Таким образом, шутовской колпак не только объединяет, но и разъединяет двух героев. Трибуле природой вынужден стать шутом, Оброшенов — обстоятельствами, созданными людьми; Трибуле — личность во многом исключительная, Оброшенов — обыкновенная; Трибуле пользуется своим особым положением, чтобы встать над людьми, Оброшенов — чтобы со смирением принять законы жестокого мира, людьми же созданные. История превращения человека в шута в обеих драмах осталась за пределами пьесы, на сцене — история обратного превращения, в итоге которого Трибуле становится палачом, а Оброшенов — возрождённой личностью.

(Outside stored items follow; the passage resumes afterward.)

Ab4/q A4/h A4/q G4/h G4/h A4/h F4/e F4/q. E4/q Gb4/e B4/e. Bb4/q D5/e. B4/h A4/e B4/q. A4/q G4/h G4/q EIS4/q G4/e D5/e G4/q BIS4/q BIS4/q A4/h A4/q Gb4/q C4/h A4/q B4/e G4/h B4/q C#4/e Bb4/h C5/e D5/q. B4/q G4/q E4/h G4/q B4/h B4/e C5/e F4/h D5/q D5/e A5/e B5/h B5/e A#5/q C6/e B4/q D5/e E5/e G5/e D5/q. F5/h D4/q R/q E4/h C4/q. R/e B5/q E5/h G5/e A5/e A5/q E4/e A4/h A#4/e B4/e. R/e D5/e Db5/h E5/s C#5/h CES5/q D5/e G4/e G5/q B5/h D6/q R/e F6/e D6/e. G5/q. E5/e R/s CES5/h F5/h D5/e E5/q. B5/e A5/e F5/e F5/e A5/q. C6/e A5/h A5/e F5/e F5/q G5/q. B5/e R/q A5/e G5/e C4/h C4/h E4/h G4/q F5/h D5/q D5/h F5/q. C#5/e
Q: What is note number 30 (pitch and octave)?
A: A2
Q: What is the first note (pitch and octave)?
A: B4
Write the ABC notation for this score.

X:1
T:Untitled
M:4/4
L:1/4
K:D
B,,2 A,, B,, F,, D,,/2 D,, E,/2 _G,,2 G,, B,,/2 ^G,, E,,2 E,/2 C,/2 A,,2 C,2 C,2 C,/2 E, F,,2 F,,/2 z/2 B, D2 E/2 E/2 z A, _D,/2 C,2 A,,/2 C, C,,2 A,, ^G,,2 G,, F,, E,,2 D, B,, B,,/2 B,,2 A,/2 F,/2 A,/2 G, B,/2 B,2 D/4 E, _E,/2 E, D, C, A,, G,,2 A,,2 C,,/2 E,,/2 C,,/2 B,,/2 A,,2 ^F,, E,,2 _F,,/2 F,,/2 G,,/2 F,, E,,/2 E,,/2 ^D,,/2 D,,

Вернув былую гордость, хотя бы на короткое время, он не просто “воспроизводит” себя молодого, то есть гордого, он возрождает в себе личность высокую и даже трагическую.
Если принять постулат Ницше о “возвышенном, как художественном преодолении ужасного, и о комическом, как художественном освобождении от отвращения, вызываемого нелепым” 5, то оно срабатывает в отношении драмы Гюго, где возвышенно-трогательное рождается действительно из победы над ужасным, но в отношении “картин московской жизни” нелепое вызвало к жизни комический эффект, в свою очередь переродившийся в возвышенное — метаморфоза пафоса, почти не известная классической драматургии, но вполне естественная для жанровых новаций Островского. Не в последнюю очередь этот особый пафос вновь рождается из его несоответствия со структурой, обусловленной различной жанровой природой героев. Трибуле — само совершенство в качестве драматического героя: он действен и последователен в достижении своих целей. Он источник всего действия: “его единственное развлечение — беспрерывно сталкивать вельмож с королём, ломая более слабого о более сильного” 6. Это он, шут, забавляется, а король лишь слепо и покорно претворяет его “шутки” в жизнь. Оброшенов же — сам орудие в чужих руках, руках недоносковых и недоростковых, в руках хрюковых и длинного ряда тех, кто остался анонимным героем этой драмы.
Разные герои, естественно, помещаются авторами в разные жанровые миры. Трибуле — герой, который сам своими действиями создаёт мелодраму, в которой он и палач и жертва одновременно. Очень точные сюжетные акценты расставлены самим драматургом в его предисловии к пьесе: “Итак, у Трибуле два воспитанника: король и дочь, — король, которого он обучает пороку, и дочь, которую он растит для добродетели. Король погубит дочь. Трибуле хочет похитить для короля госпожу де Косе — и похищает свою дочь. Он хочет убить короля, желая отомстить за дочь, — и убивает её. Возмездие не останавливается на полпути; проклятие отца Дианы свершается над отцом Бланш...
В основе одной из пьес автора лежит рок. В основе этой пьесы — провидение” 7.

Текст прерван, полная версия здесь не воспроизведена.